--- Records to use Enclosed Below ---

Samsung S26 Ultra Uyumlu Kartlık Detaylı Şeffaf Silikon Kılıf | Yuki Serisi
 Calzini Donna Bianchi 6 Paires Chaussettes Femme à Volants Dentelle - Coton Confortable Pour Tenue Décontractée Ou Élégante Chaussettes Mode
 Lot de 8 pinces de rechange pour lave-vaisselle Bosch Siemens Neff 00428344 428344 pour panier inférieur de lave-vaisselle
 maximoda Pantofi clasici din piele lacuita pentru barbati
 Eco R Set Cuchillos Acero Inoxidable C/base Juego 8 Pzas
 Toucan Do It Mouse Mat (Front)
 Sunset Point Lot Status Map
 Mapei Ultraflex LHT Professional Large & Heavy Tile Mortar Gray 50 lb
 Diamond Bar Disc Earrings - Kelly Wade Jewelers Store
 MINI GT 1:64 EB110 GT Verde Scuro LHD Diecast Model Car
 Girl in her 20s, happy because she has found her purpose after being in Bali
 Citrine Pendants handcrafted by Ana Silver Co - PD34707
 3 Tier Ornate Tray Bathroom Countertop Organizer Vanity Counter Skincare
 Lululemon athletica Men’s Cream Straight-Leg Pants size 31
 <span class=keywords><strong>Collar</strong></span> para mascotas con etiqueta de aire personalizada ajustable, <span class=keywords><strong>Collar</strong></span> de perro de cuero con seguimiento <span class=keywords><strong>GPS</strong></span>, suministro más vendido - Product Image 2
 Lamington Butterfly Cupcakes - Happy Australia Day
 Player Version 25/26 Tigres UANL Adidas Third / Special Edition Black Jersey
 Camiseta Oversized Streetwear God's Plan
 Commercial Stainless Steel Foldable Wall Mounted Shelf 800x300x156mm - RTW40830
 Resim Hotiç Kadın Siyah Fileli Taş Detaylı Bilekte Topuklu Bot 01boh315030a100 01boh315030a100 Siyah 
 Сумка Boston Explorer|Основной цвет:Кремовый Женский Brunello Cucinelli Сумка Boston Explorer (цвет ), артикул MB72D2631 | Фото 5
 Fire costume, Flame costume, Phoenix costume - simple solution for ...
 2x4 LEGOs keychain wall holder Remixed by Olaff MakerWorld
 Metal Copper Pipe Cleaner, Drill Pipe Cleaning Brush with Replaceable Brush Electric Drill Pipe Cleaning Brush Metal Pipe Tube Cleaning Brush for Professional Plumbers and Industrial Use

--- End of Enclosed Records to use ---

* _Task goal_: Find the line that contains "Сумка Boston Explorer|Основной". Restate it and all lines after it exactly, ending with the final line of the data.

* _Result of this task_:
 Сумка Boston Explorer|Основной цвет:Кремовый Женский Brunello Cucinelli Сумка Boston Explorer (цвет ), артикул MB72D2631 | Фото 5
 Fire costume, Flame costume, Phoenix costume - simple solution for ...
 2x4 LEGOs keychain wall holder Remixed by Olaff MakerWorld
 Metal Copper Pipe Cleaner, Drill Pipe Cleaning Brush with Replaceable Brush Electric Drill Pipe Cleaning Brush Metal Pipe Tube Cleaning Brush for Professional Plumbers and Industrial Use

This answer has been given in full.